Work to complete ->
Copy exactly the lines of the material below that fall between the line with "2101 Cherokee Road 7, Johnson City, TN 37604" and the line with "Majtki Calvin Klein, rozmiar S", both of those lines included; pictures stay out.

Available records ->
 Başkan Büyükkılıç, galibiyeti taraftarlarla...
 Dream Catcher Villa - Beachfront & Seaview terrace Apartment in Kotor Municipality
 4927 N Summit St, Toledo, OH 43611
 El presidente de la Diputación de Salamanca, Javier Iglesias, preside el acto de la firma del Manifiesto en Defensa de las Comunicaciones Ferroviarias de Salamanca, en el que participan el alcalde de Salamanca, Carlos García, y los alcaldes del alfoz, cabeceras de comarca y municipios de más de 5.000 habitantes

--

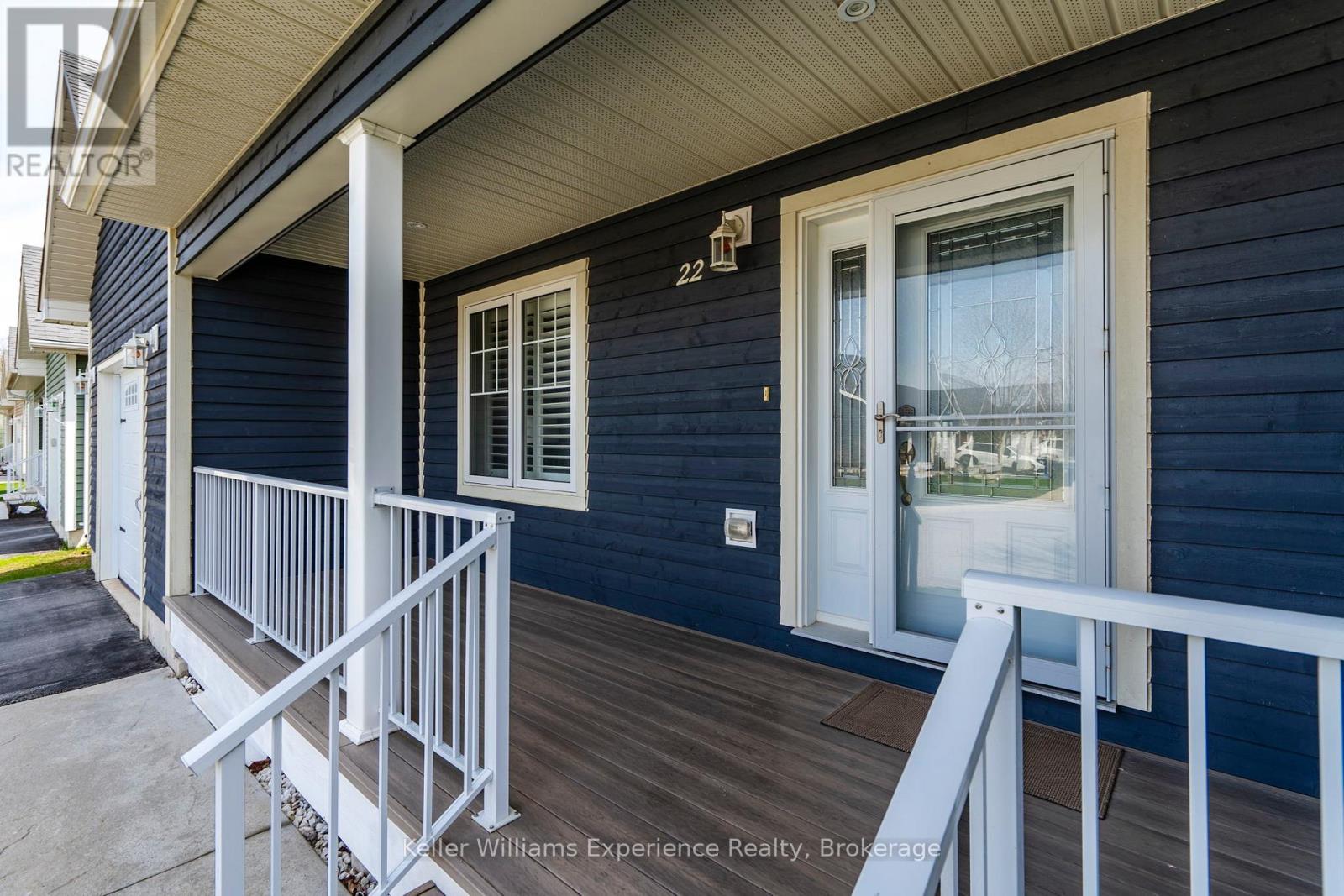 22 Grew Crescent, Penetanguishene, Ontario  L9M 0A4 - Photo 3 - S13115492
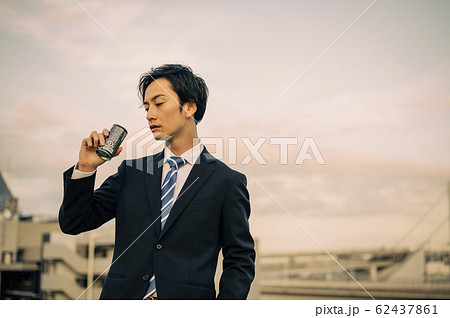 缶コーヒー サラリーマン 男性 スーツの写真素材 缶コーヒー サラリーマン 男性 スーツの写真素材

...

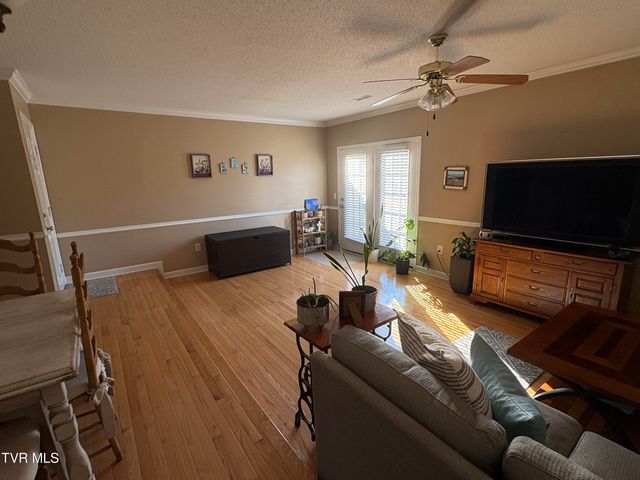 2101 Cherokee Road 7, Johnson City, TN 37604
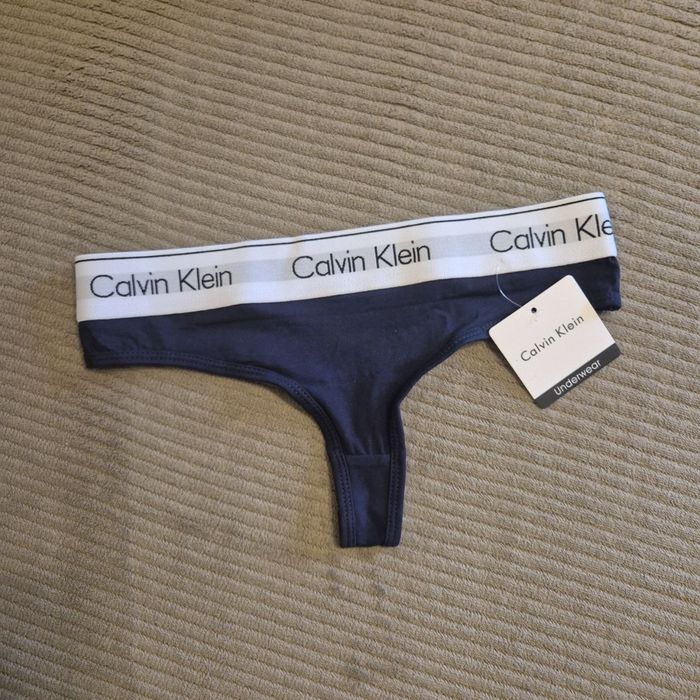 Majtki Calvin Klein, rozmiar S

Worked solution ->
 2101 Cherokee Road 7, Johnson City, TN 37604
 Majtki Calvin Klein, rozmiar S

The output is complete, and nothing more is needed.